#### Problem details
Print the listing in its entirety and exactly, leaving out images.

#### Data provided
_ _ _ _ _

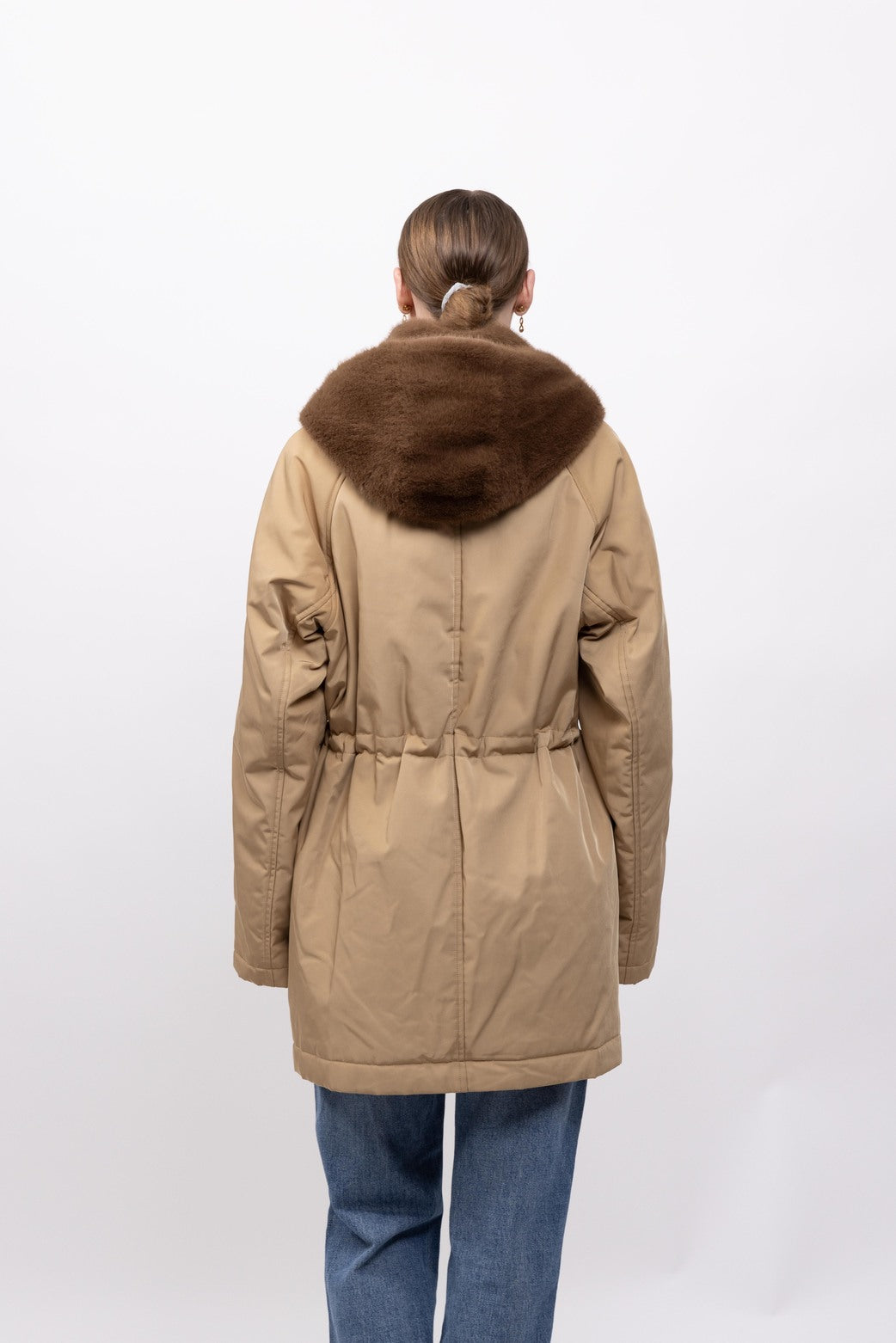 PARKA IMPERMEABLE CON CAPUCHA DESMONTABLE DE PELO SINTÉTICO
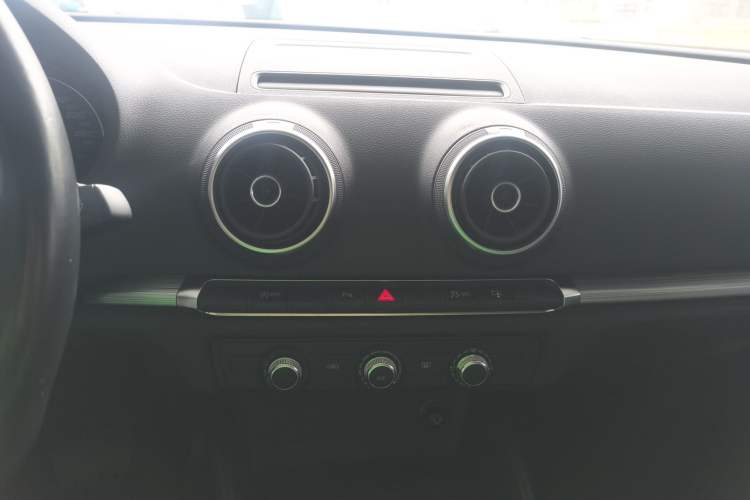 Used Audi A3 2015 Limousine 35 TFSI Millionth Anniversary Intelligent Leading Model
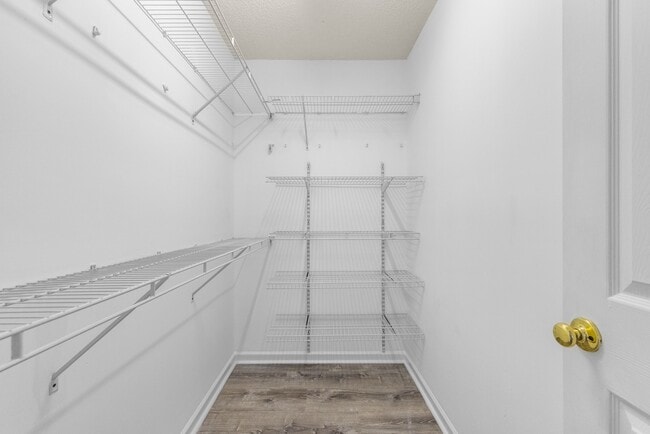 Building Photo - 129 Kellerhis Dr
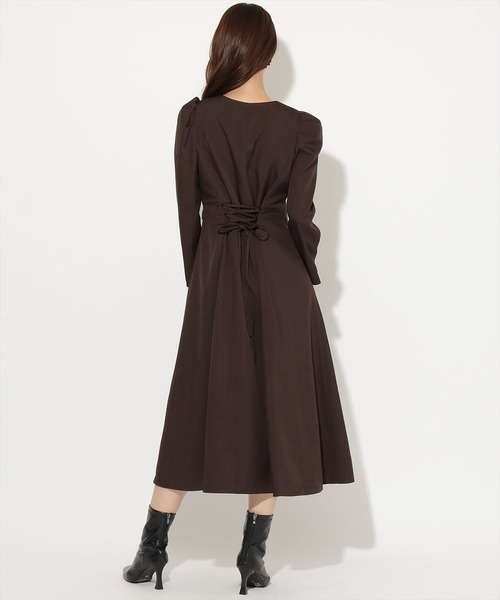 AND COUTURE(アンドクチュール)の「Vネックパフスリーブワンピース(ワンピース・レディース・ベージュ/ブラウン/ネイビー・FREE)」の8枚目の写真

_ _ _ _ _

#### Task answer
 PARKA IMPERMEABLE CON CAPUCHA DESMONTABLE DE PELO SINTÉTICO
 Used Audi A3 2015 Limousine 35 TFSI Millionth Anniversary Intelligent Leading Model
 Building Photo - 129 Kellerhis Dr
 AND COUTURE(アンドクチュール)の「Vネックパフスリーブワンピース(ワンピース・レディース・ベージュ/ブラウン/ネイビー・FREE)」の8枚目の写真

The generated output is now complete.